There are few questions more crucial to the field of education than what students should learn and how that learning should be measured. This Topics section examines several currently hot topics – including common standards, international comparisons, and cheating – in the often-contentious realm of standards and testing.
While standards and tests have been part of American public education since before the 20th century, the modern push for standards-based reform is often traced to the 1983 publication of “A Nation at Risk: The Imperative for Educational Reform.” Warning of a “rising tide of mediocrity,” the report prompted a surge of political interest in school reform that resulted in several unsuccessful attempts to develop national standards and tests. But while those efforts fell short, states took the initiative to develop standards on their own; between 1990 and 2002, most states developed specific standards for their core academic subjects, as well as tests that purported to measure how well students were learning them.
Yet many experts say the marriage of standards and assessments was not complete until after the federal No Child Left Behind Act was enacted in 2002. NCLB tied federal funding to a requirement that states administer standards-based tests to students in grades 3-8 and once in high school – far more testing than most states had previously conducted. The federal law also imposed an array of new consequences for schools that failed to show “adequate yearly progress” on state exams. But the law also left it up the states to determine where to set the bar on standards and tests. The result, many analysts argue, has been enormous disparities across states in what students are expected to achieve.
Despite those disparities, the nation has long had a common yardstick for measuring student achievement: the National Assessment of Educational Progress, also referred to as the “Nation’s Report Card.” NAEP exams are taken periodically by representative samples of students in the fourth, eighth and 12th grades in various subjects. Though prominent and influential within the education policymaking world, NAEP exams do not provide student-level achievement scores, are not tied to accountability requirements, and are not linked to a specific set of standards being implemented in the schools.
Read the results from the most recent NAEP results in fourth and eighth math and reading, which were released in November of 2013. Something to note: The results can be interpreted in many ways. For some, nearly 40 percent of the tested population scoring at the level of proficient in math is a positive sign, given that in 1990 that was true for less than a fifth of students. To others, it means less than half of fourth graders are proficient in math,
Push for Common Standards
With the Common Core State Standards, a new attempt is underway to wed standards and assessments. As of June 2012, 46 states plus the District of Columbia had agreed to adopt the Common Core State Standards, which aim to spell out what students should know and be able to do throughout their K-12 education careers. Not all the participating states adopted both the Mathematics and English Language Arts portions of the Common Core; Minnesota elected to use their own Mathematics standards.
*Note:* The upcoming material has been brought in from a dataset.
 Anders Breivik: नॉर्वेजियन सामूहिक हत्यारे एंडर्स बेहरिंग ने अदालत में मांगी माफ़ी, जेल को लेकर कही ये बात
Development of the Common Core State Standards was spearheaded by the National Governors Association, the Council of Chief State School Officers and the nonprofit group Achieve, using private grant funding. Under the initiative, groups have organized to develop standards in mathematics and English Language Arts, as well as standards for literacy in the sciences and social studies. Meanwhile, two interstate consortia are creating related assessments, which are slated to be fully implemented in 2014-15 with mathematics and English Language Arts components for grades three through high school. Those consortia are the Partnership for Assessment of Readiness for College and Careers (PARCC), managed by Achieve, and the SMARTER Balanced Assessment Consortium (SBAC), managed by WestEd. The process of building the assessments was funded through $360 million from the U.S. Department of Education with funds from the federal economic-stimulus act of 2009.
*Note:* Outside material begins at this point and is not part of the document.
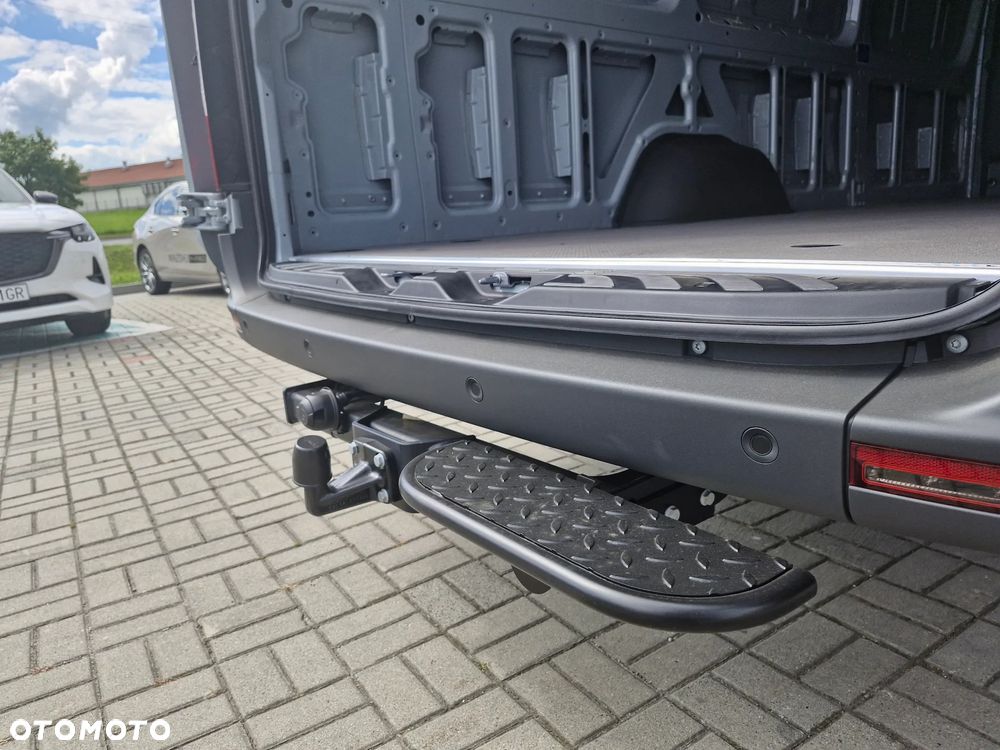 Mercedes-Benz Sprinter 319 CDI - 11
Among the factors seen as lending momentum to the common standards movement is the lackluster performance by U.S. students on international assessments, rising concerns about preparing students to compete in a global workforce, and the wide variations in expectations and performance among states. The Common Core initiative aims to erect instructional signposts that guide students toward an end goal of graduating from high school ready for college and careers. Among the concerns some critics of the standards have raised is the question of whether the standards-writers have strayed from content into pedagogy. Some critics have taken aim at the “publisher’s criteria,” which guide the development of curricular and instructional materials based on the standards, saying that the criteria include specific instructions on how teachers should lead lessons.
And in contrast to NCLB testing, Common Core involves states’ agreeing to set a single minimum “cut score” that students must attain on the tests to be designated proficient. The idea is to enable participating states to measure their student achievement against a shared yardstick. While each consortium will have its own cut score, supporters of the new assessments say that two cut scores among the participating states and the District of Columbia represent an improvement over the status quo of separate cut scores in each state.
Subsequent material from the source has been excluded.